Recorded data:
--- START ---

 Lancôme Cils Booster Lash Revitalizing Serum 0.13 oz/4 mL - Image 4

--- END ---
--- START ---

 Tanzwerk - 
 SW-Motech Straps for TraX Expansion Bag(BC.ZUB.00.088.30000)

--- END ---
--- START ---

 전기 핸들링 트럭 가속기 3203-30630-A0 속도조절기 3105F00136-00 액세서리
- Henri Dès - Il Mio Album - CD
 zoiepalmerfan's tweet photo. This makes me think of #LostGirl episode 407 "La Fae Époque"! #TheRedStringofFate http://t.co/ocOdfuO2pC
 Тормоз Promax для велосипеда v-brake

--- END ---

Requirement:
Would you print exactly, and only, the lines of the data above from the line with "전기 핸들링 트럭 가속기" through the line with "Тормоз Promax для велосипеда v-brake", inclusive?

Solution to this task:
 전기 핸들링 트럭 가속기 3203-30630-A0 속도조절기 3105F00136-00 액세서리
- Henri Dès - Il Mio Album - CD
 zoiepalmerfan's tweet photo. This makes me think of #LostGirl episode 407 "La Fae Époque"! #TheRedStringofFate http://t.co/ocOdfuO2pC
 Тормоз Promax для велосипеда v-brake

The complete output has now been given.